A piece in The New Yorker awhile back offered the following important observation about the American political landscape, testimony to the lasting impact of Reagan's revolution from the right more than thirty years ago:
Polarization...has affected the two parties differently. The Republican Party has drifted much farther to the right than the Democratic Party has drifted to the left. Jacob Hacker, a professor at Yale, whose 2006 book, “Off Center,” documented this trend, told me, citing Poole and Rosenthal’s data on congressional voting records, that, since 1975, “Senate Republicans moved roughly twice as far to the right as Senate Democrats moved to the left” and “House Republicans moved roughly six times as far to the right as House Democrats moved to the left.” In other words, the story of the past few decades is asymmetric polarization.
Two well-known Washington political analysts, Thomas Mann, of the bipartisan Brookings Institution, and Norman Ornstein, of the conservative American Enterprise Institute, agree. In a forthcoming book about Washington dysfunction, “It’s Even Worse Than It Looks,” they write, “One of our two major parties, the Republicans, has become an insurgent outlier—ideologically extreme, contemptuous of the inherited social and economic policy regime, scornful of compromise, unpersuaded by conventional understanding of facts, evidence and science, and dismissive of the legitimacy of its political opposition.”
Mann and Ornstein have expanded on these points recently in The Washington Post. What they do not note is that the attributes they correctly note in the current Republican Party are familiar ones from many episodes in history that ended, shall we say, unpleasantly. For example, it could surely correctly be said of the Nazi Party in Germany in 1930 that it was "ideologically extreme, contemptuous of the inherited social and economic policy regime, scornful of compromise, unpersuaded by conventional understanding of facts, evidence and science, and dismissive of the legitimacy of its political opposition."
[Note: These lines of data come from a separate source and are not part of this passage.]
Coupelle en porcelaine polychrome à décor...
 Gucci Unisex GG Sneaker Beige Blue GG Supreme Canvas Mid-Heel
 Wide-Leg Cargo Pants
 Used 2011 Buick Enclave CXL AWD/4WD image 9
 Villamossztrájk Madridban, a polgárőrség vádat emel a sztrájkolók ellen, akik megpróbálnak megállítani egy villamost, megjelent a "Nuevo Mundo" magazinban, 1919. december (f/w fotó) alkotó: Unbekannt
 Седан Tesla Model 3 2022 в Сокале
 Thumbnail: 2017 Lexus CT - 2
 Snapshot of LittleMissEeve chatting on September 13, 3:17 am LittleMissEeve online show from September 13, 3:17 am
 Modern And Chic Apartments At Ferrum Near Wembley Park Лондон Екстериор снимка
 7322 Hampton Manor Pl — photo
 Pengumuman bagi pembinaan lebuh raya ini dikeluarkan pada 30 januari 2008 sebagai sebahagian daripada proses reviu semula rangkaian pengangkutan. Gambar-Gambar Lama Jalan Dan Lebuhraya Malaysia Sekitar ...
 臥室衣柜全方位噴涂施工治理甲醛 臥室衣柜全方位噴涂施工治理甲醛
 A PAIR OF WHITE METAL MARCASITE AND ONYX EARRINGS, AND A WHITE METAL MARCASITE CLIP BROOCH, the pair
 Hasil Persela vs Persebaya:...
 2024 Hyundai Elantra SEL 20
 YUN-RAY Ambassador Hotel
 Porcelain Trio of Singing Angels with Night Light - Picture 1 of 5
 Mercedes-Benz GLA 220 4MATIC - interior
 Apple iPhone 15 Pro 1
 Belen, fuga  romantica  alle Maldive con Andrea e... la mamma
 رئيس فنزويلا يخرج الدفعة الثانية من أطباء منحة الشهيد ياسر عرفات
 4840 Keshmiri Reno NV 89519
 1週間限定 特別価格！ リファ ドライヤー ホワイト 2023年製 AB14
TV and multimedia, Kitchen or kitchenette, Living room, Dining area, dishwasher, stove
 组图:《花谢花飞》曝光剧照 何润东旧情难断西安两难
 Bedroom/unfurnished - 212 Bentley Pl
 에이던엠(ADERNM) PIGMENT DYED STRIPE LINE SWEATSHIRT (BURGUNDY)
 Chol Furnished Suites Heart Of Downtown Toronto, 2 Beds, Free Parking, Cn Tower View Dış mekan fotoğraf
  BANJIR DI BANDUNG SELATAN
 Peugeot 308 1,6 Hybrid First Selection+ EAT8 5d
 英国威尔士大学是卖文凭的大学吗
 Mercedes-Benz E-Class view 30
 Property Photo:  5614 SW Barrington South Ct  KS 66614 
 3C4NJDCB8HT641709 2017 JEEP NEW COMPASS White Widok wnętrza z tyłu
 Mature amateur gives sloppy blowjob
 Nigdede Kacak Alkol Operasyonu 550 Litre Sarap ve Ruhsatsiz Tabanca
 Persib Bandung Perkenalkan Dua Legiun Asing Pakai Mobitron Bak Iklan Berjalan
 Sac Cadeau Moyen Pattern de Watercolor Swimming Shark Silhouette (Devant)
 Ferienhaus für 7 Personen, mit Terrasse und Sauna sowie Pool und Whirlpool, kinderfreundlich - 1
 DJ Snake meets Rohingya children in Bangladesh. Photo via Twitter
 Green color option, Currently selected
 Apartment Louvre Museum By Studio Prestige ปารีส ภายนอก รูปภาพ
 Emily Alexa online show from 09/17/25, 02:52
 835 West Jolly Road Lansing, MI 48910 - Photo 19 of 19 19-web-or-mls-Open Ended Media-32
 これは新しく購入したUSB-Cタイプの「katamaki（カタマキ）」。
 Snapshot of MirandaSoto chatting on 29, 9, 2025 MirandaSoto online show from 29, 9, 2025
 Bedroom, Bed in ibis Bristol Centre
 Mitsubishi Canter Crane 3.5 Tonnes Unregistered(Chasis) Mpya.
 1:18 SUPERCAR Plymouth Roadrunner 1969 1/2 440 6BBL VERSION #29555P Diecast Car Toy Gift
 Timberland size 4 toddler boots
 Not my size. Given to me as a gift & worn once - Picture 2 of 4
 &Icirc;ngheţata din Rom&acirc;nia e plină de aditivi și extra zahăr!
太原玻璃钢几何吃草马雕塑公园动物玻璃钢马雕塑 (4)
That is at least part of what is at stake in today's U.S. Presidential election. Even if Obama wins, the threat remains, until the Republican Party changes or until it disintegrates entirely. The two consequential U.S. Presidents in the last hundred years have been (FD) Roosevelt and Reagan: both changed the terms of national discourse, so much so that those who followed them have been closer to them in policy even when from the opposite party (on domestic policy, Nixon was much closer to Roosevelt than, say, Clinton). Obama, alas, has not changed the terms of the national discourse, and has either been politically or constitutionally incapable of doing so. Even if he wins another term, the risk of disaster will remain until a Democratic leader can do what Roosevelt did.